Turkey’s poverty line, which refers to the total amount a family of four needs to live without feeling deprived of food and the money required to pay other expenses such as rent and utilities, has risen to 41,626 lira ($1,541), as millions in the country struggle to get by on a minimum wage of 11,402 lira ($422), according to data released by the research unit of the United Metal Workers Union (BİSAM), an affiliate of the Revolutionary Workers Confederation (DİSK).
In August the amount needed for a family of four to maintain a healthy and balanced diet — referred to as the hunger line — also increased, reaching 12,034 lira ($445), BİSAM reported on Friday. The organization determines the poverty line based on various factors including education, health, housing, entertainment, heating and transportation costs, representing the necessary expenditures a family incurs to avoid deprivation.
Breaking down the monthly costs of necessary goods for different demographic groups, the report noted that adult males require 3,301 lira, adult females 3,145 lira, teenagers between 15 and 18 years 3,391 lira and children aged between 4 and 6 years 2,197 lira to sustain a healthy and balanced diet.

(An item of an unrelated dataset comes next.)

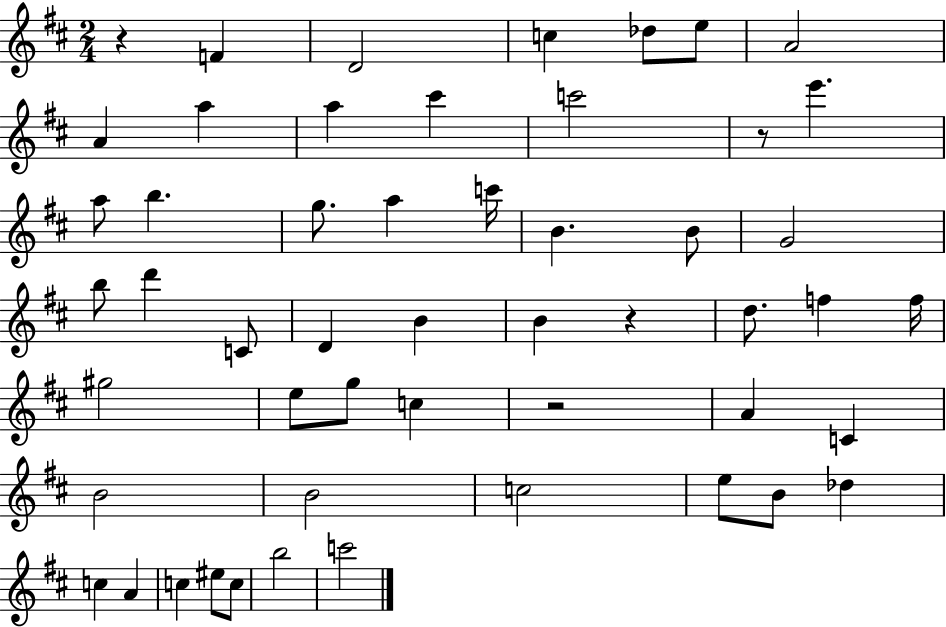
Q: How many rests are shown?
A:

This latest data mark an increase from July’s figures, where the hunger and poverty lines were documented by BİSAM at 11,525 lira and 39,886 lira, respectively. It offers insight into the climbing cost of living Turkish families face, highlighting a persistent trend of economic hardship in the nation.
Inflation has become a pressing issue in Turkey, reaching an annual rate of 58.9 percent in August, according to official data.
Over the past several years the country has been suffering from a deteriorating economy, with high inflation and unemployment, as well as a poor human rights record. President Recep Tayyip Erdoğan is criticized for mishandling the economy, emptying the state’s coffers and establishing one-man rule in the country where dissent is suppressed and opponents are jailed on politically motivated charges.